Every month it is a struggle to make my mortgage payment. My expenses outweigh my income. I have tried to "cut back" as much as possible but I still come up short every month.
Through the grace and generosity of my family and friends, and through selling some artwork, I have been able to scrape by. I was talking to Bill about this and we began a discussion about having faith. Faith is something I have, something I know in my heart, but it seems to be tested quite often.
Whenever I think my financial situation is dire, that I will not have enough money to pay my expenses, I begin to fret. Fretting as we all know does no good. Why then do some people (I definitely include myself) worry and fret about situations they have little or no control over?
Is it because we lack faith? Lack faith in God, lack faith in ourselves, lack faith in others, the Universe, the Supreme provider of all?
I believe some people simply worry more than others. Why is that? Could it be the way we were raised? Both of my parents worried about money constantly all of their lives.
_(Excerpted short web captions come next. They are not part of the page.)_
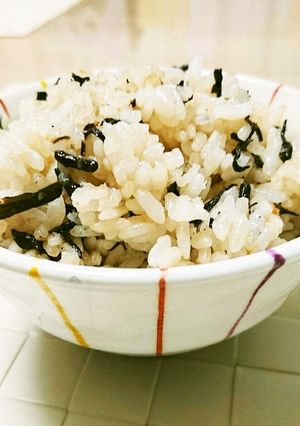 ひじきと梅の炊き込みご飯-レシピのメイン写真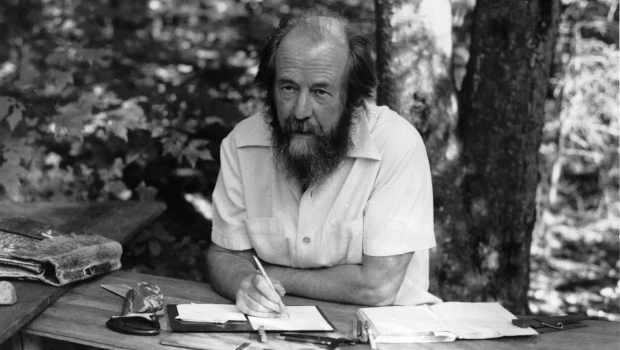 “Archipiélago Gulag” es la mas simple de las obras de Solzhenitsyn. Sin embargo, quita el aliento y el sueño.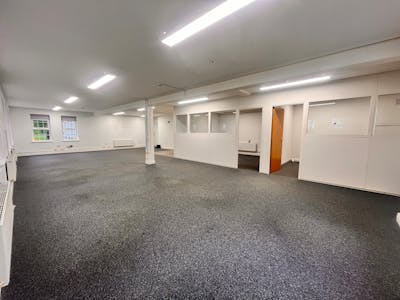 21, Hornbeam Square South, Harrogate, Office To Let - image00012.jpeg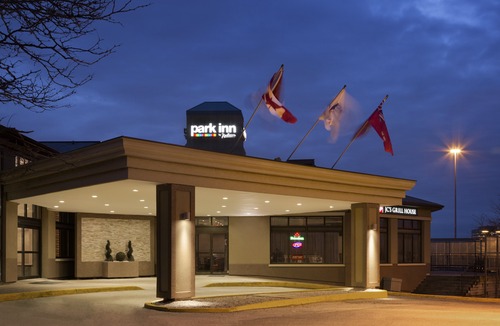 Markham Hotel | Park Inn by Radisson Toronto-Markham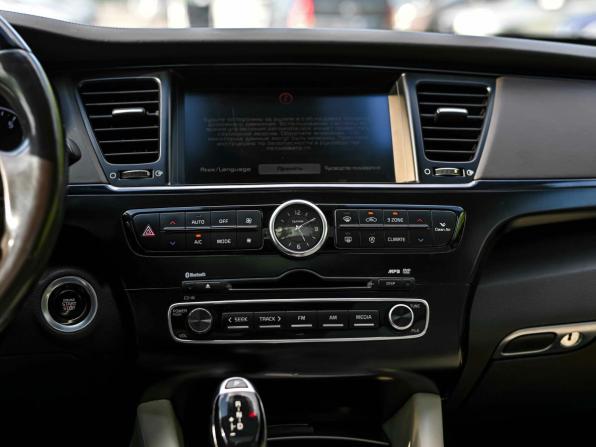 Kia Quoris I с пробегом 2013 года, цена 1 279 000 рублей, 180006 км, седан, Автокод Объявления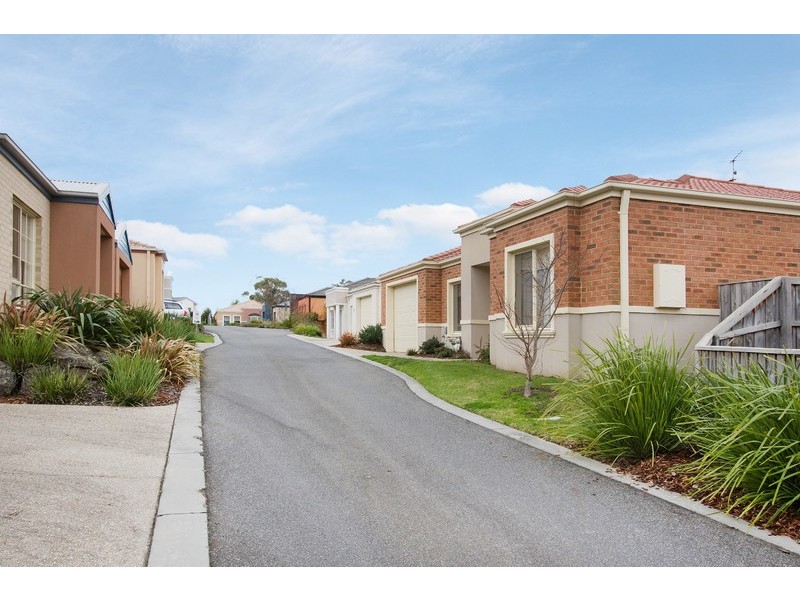 27 Jefferson Road, Garfield VIC 3814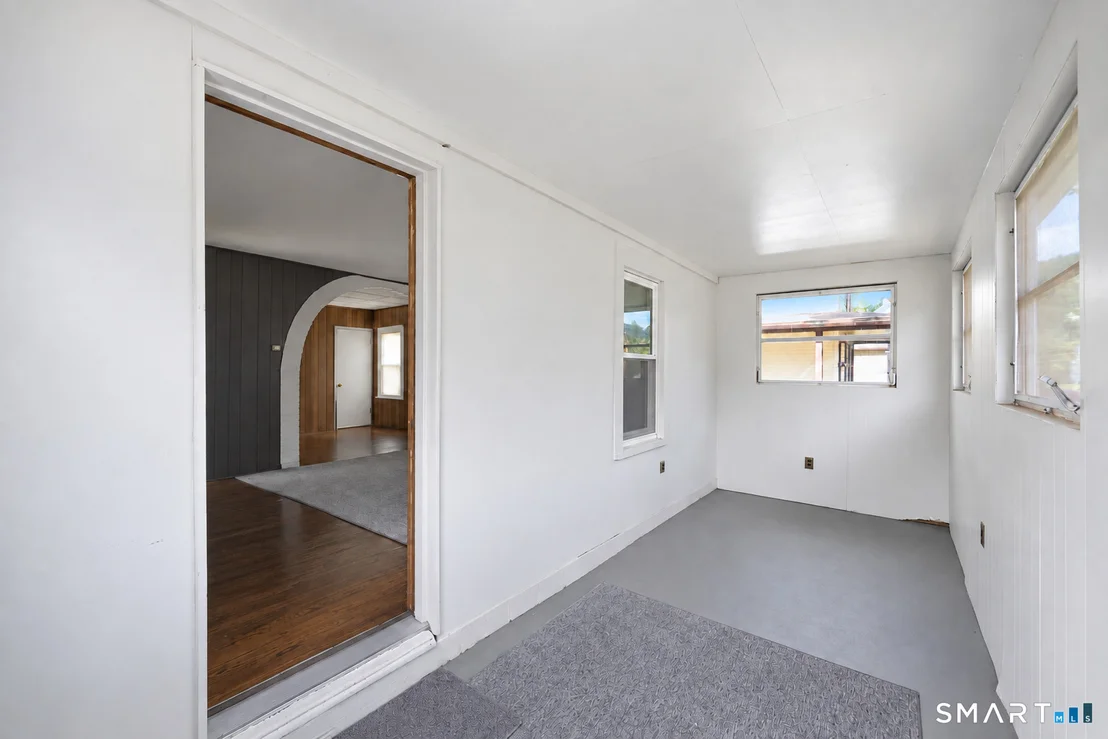 Photo of 25 Maple Avenue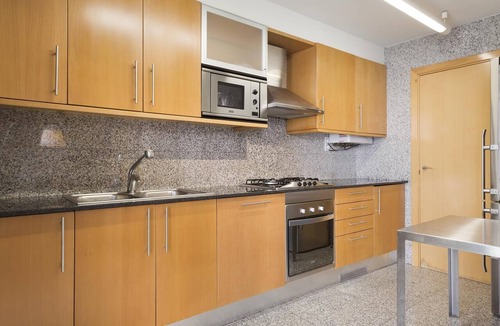 Sant Gervasi Apartment | Executive Apartment for Corporate Groups of 6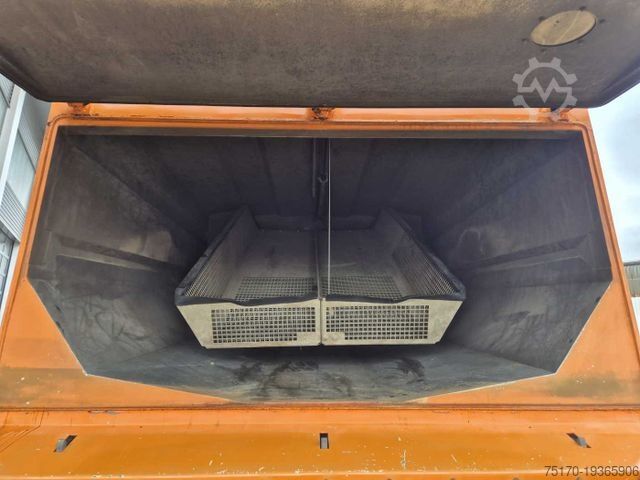 Silniční zametač MERCEDES-BENZ Actros 2032 A 4x4 Bucher STKF 9500 Airport 30x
My dad was always worried about being laid off of work or that his company would go on strike at the end of their contract. Guess what? It never happened.
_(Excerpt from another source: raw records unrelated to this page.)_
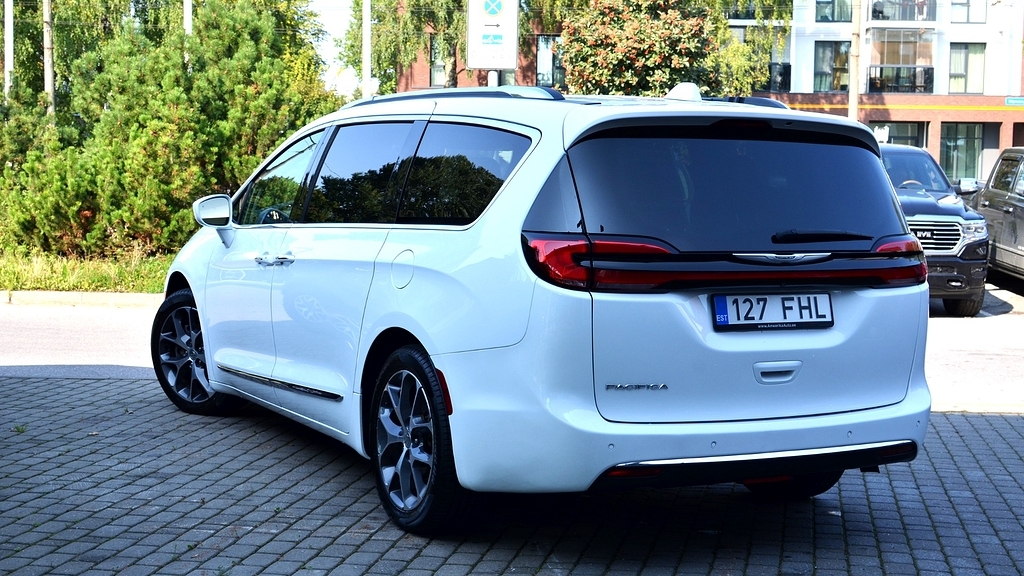 Chrysler Pacifica TOURING L 3.6 214kW 2020, photo 3/12
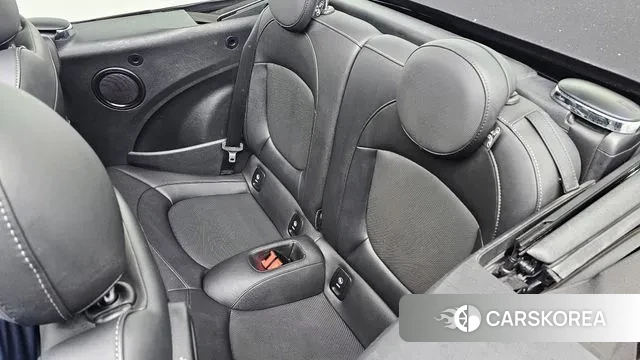 Mini Cooper Convertible 2023 Красный из Кореи, фото 3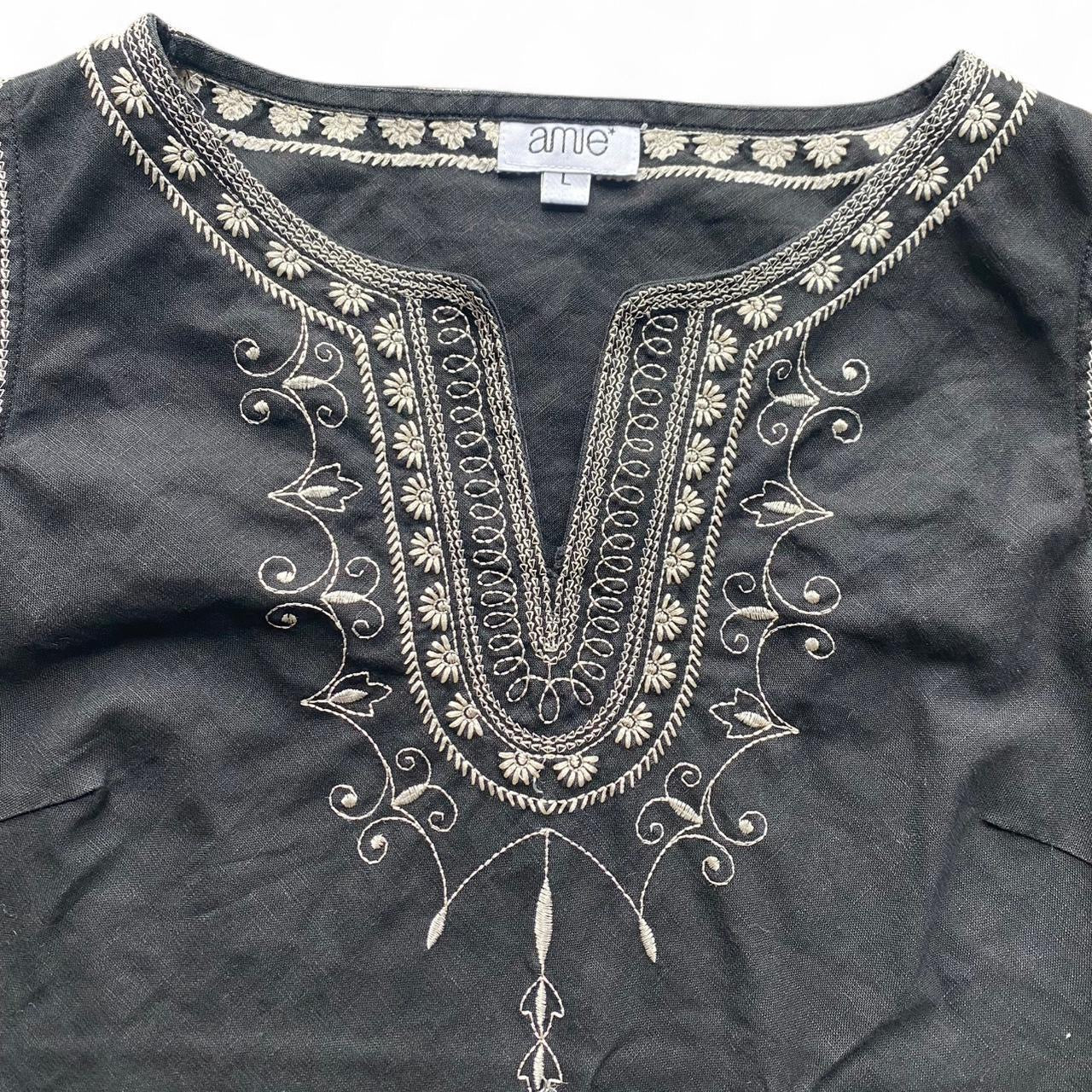 Y2K black linen tank with white embroidery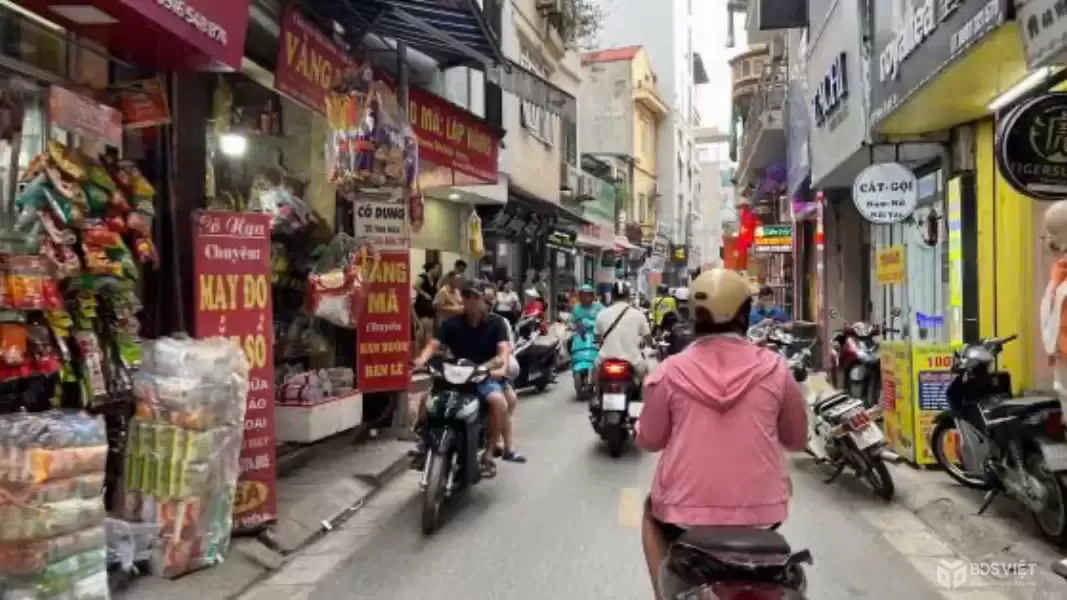 ???? NGÕ VĂN CHƯƠNG 2 – 4 TẦNG – MT 7M – 17 TỶ
Ô TÔ TRÁNH – VỈA HÈ 1M – KINH DOANH ĐỈNH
If we figure out why we may be predisposed to worrying, the next step is to change it. Remembering what has happened in the past, that we somehow managed to get the money to pay our bills and meet our obligations, why then should this time be any different?
Given all the physical hardships that have been laid upon my table, and being thankful for my ability to handle all of this, and eventually coming out feeling optimistic about my future, you would think I have faith that could not be shaken.
So often I have been led to a place of comfort, have obtained moments of clarity, revealing the core of my spiritual faith and have triumphed. In troubling times it would be advantageous to remember our triumphs, to summon forth the courage and make the connection between the innate knowledge we possess about the security of our future and it's ultimate outcome, then move forward.
It says in the Bible our faith will be tested many times. I for one can vouch for that truth. Where will all of this faith bring us?
Faith will bring us wherever we want to go. My belief in God, in myself, in my strength, in my courage and my gratitude have brought me here to this place. This blog is a place where I can bear my soul, share my experiences and impart to all of you that we are all human beings with weaknesses and strengths.
Focussing on our strengths, being grateful for them and continuing to build upon them is the only course of action that will benefit us to the end.
Realizing that our faith is being tested is not the same as having no faith. Having no faith, in God, in yourself, your family and friends means you are alone, helpless, and in a powerless situation with no where to turn. This is not the predicament I find myself in nor will I ever, because I know, not think, know I will always have God, myself and hopefully family and friends to turn to in times of doubt.
Having reread what I have just written I realize I do possess faith, remembering and summoning this faith and this knowledge of faith is a comfort to me and perhaps the next time I doubt myself, or my future I will read what I have just written.
Keeping the faith, three simple words, but sometimes a lifetime to achieve.